Provided data:
▽
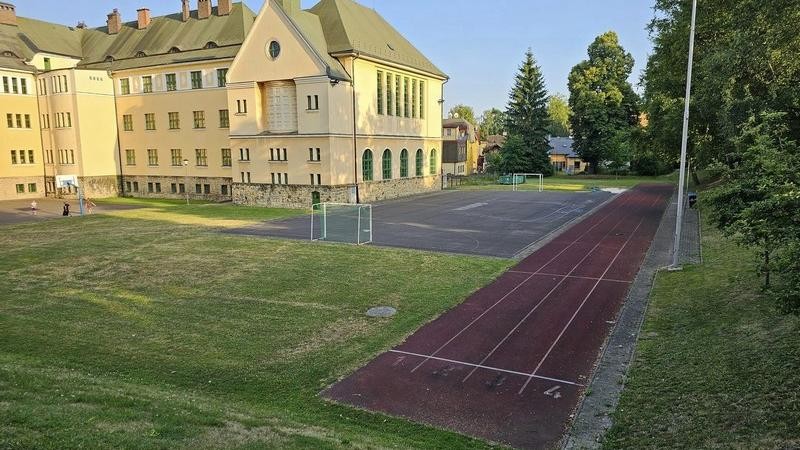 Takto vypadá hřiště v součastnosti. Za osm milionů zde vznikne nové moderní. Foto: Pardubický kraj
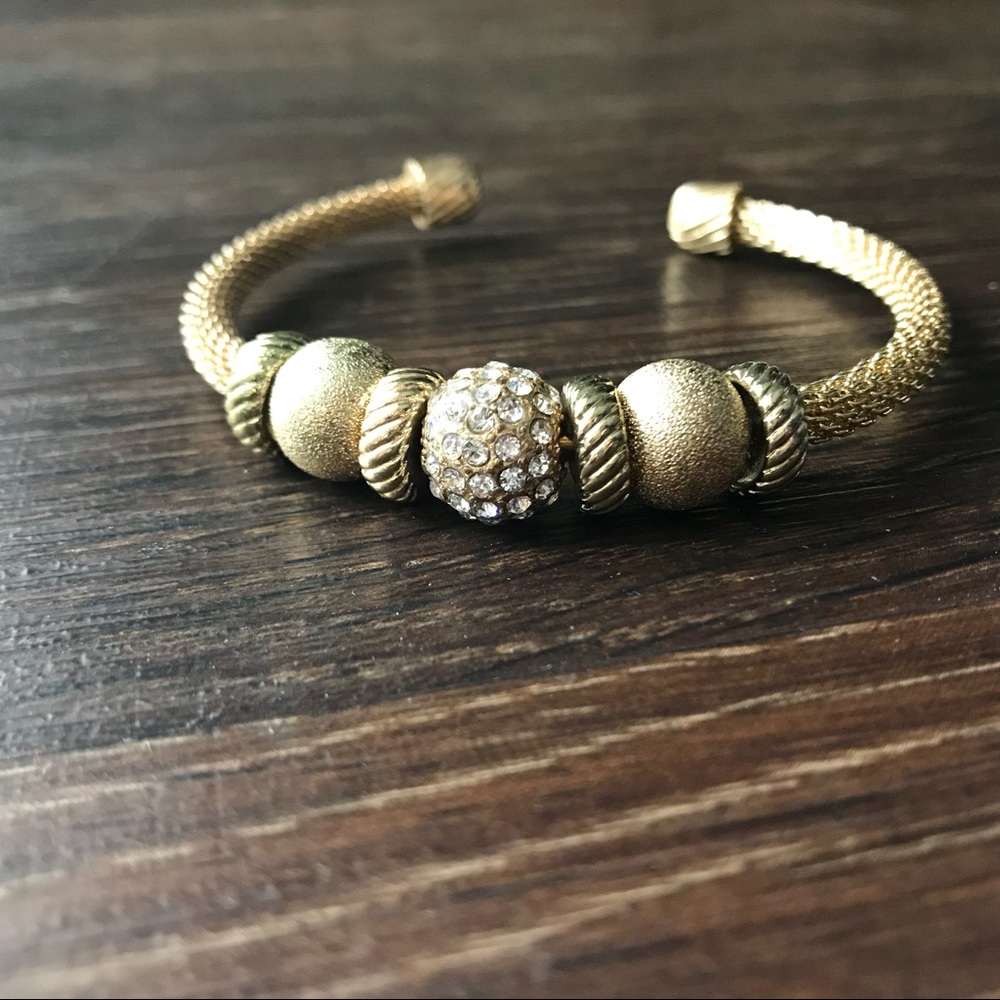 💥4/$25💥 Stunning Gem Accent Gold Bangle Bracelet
△
▽
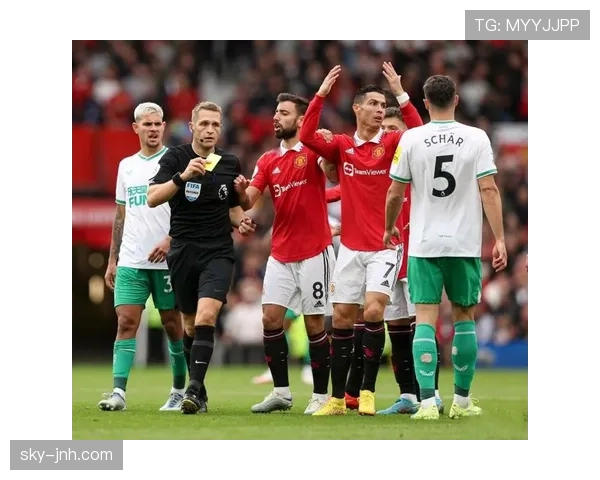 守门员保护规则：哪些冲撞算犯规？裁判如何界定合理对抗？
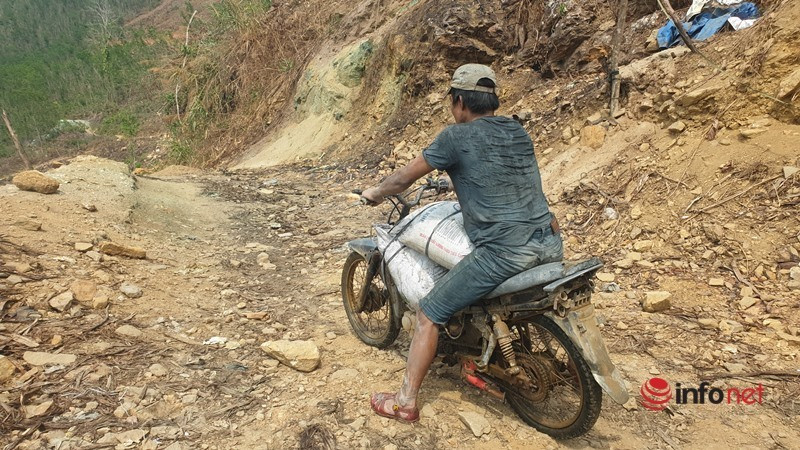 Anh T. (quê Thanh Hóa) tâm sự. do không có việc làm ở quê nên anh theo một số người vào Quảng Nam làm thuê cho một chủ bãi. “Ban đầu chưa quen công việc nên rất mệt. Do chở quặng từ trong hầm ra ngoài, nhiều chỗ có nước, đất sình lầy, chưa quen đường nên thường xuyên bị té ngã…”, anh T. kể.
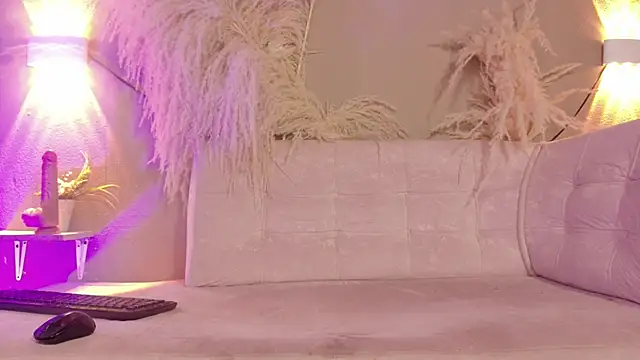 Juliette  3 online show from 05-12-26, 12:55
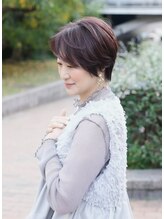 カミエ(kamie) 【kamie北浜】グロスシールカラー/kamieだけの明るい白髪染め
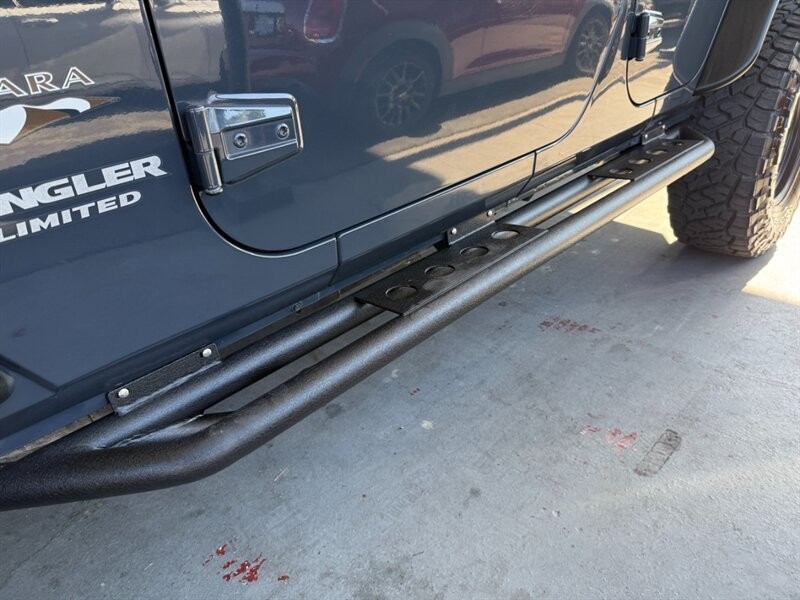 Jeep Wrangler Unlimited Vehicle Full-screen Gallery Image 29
△
To do: Copy out the listing above from the line containing "Anh T. (quê" to the line containing "from 05-12-26, 12:55", both included, exactly as written and minus the images.

Solution to the problem:
 Anh T. (quê Thanh Hóa) tâm sự. do không có việc làm ở quê nên anh theo một số người vào Quảng Nam làm thuê cho một chủ bãi. “Ban đầu chưa quen công việc nên rất mệt. Do chở quặng từ trong hầm ra ngoài, nhiều chỗ có nước, đất sình lầy, chưa quen đường nên thường xuyên bị té ngã…”, anh T. kể.
 Juliette  3 online show from 05-12-26, 12:55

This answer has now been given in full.